For perhaps the first time, patients suffering from Huntington’s disease have cause for hope. A recent trial conducted by researchers at University College London (UCL) indicates that an experimental drug may significantly suppress a mutated gene related to Huntington’s devastating degenerative effects.
It is estimated that about 30,000 people in the United States and 8,500 people in the UK currently suffer from Huntington's. The disease, which some patients describe as a mix of Alzheimer’s, Parkinson’s and ALS, is responsible for a dizzying array of symptoms. Patients first experience severe mood swings and depression, then face ever-worsening dementia and a gradual loss of motor control that ends in paralysis; the majority die about 10 to 20 years following its onset.
“Most of our patients know what’s in their future,” said Ed Wild, a scientist who helped conduct UCL’s trial.
The disorder typically surfaces when patients are in their 30s or 40s, at which point those with children may unwittingly have passed the genetic mutation on to the next generation. This mutation, known as the huntingtin gene, triggers the creation of toxic huntingtin protein, which builds up in the brain and leads to mass cell death responsible for patients’ physical and mental decay.
Ionis-HTTRx, the drug featured in UCL’s trial, functions by essentially silencing the mutated huntingtin gene. Typically, the gene instructs messenger molecules to infiltrate cells and produce the dangerous protein. However, the trial provided the first evidence to suggest this protein creation process could be stopped in its tracks.
Forty-six men and women in early stages of Huntington’s received this revolutionary treatment at the Leonard Wolfson Experimental Neurology Centre at the National Hospital for Neurology and Neurosurgery in London. Some participants received placebos, while others received an injection of the drug directly into their spines.
Initial results showed that, not only were patients who received the infusion able to tolerate the drug with no notable side effects but that their levels of huntingtin protein were significantly lower following treatment. This suggests that the drug successfully intercepted messenger molecules, preventing them from entering brain cells and crucially lowering huntingtin protein levels as a result.
Existing treatments for Huntington’s help manage symptoms but can’t prevent or reverse the disease’s progress, making these new results particularly powerful and unprecedented. While researchers caution that Ionis-HTTRx is not a cure, and note that this trial had too small a sample size and did not run for a long enough period to be deemed conclusive, many are hopeful that this treatment will make a huge impact in patients’ quality of life.
Said Professor Sarah Tabrizi, the study’s lead researcher and director of the Huntington's Disease Centre at UCL: "I've been seeing patients in clinic for nearly 20 years, I've seen many of my patients over that time die. For the first time we have the potential, we have the hope, of a therapy that one day may slow or prevent Huntington's disease. This is of groundbreaking importance for patients and families."
Professor John Hardy, a renowned Alzheimer’s researcher who was not affiliated with this study, further emphasized the trial’s importance: "I really think this is, potentially, the biggest breakthrough in neurodegenerative disease in the past 50 years.
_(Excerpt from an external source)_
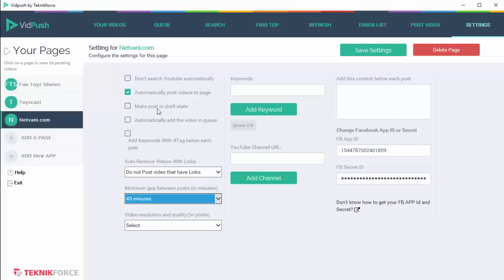Then we have make post in draft state. So if for some reason you want the post to go in draft state on your page and you can review them and publish them, or maybe your VA can do that, switch this option on and VidPush will not publish your post but will make the post in the draft state.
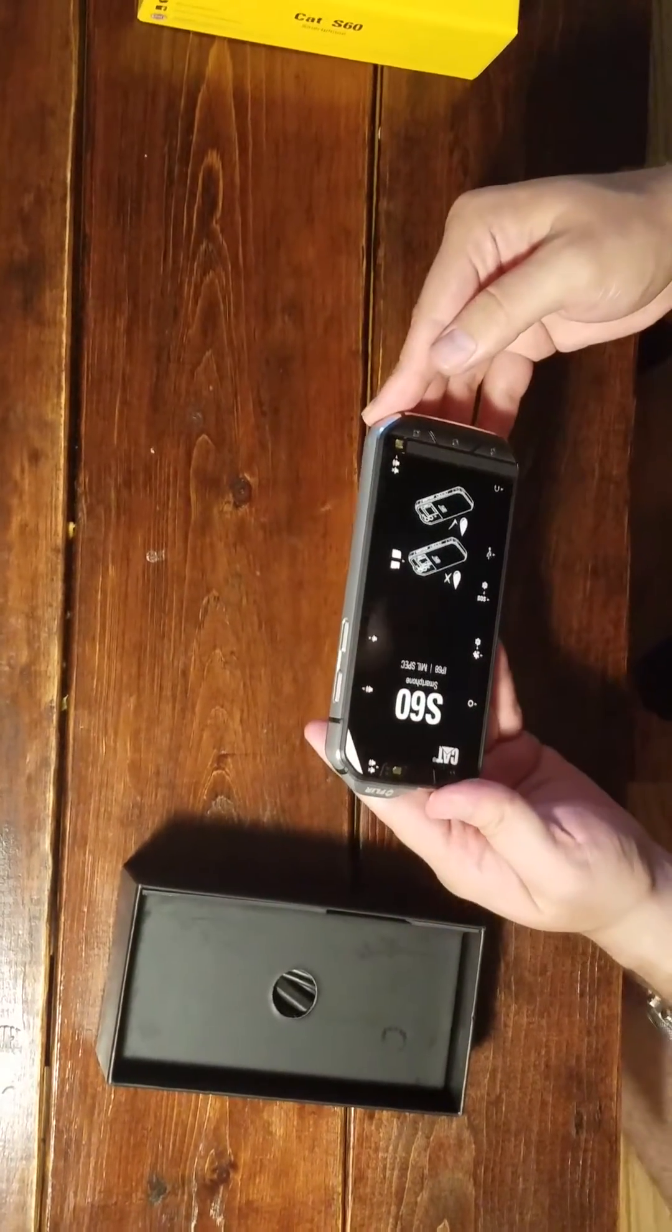So there you have it. The CAT S60. Thank you.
That sounds like hyperbole — in a year I might be embarrassed by saying that — but that's how I feel at the moment."
Hardy suggested similar protein-suppressing drugs could potentially yield positive results for Alzheimer’s and other neurodegenerative diseases: for instance, proteins amyloid and tau are linked to dementia, while synuclein is associated with Parkinson’s.
Ionis Pharmeuticals, the company that developed Ionis-HTTRx, said the drug "substantially exceeded" their expectations. Following this trial, Swiss healthcare behemoth Roche, which licensed rights to use the drug at the cost of $45 million, announced plans to conduct further trials before making the drug widely available to patients.
Tabrizi feels confident that, after more conclusive, long-term studies, the drug could one day be used to stave off Huntington’s altogether, stopping initial symptoms before they occur. “They may just need a pulse every three to four months,” she said. “One day we want to prevent the disease.”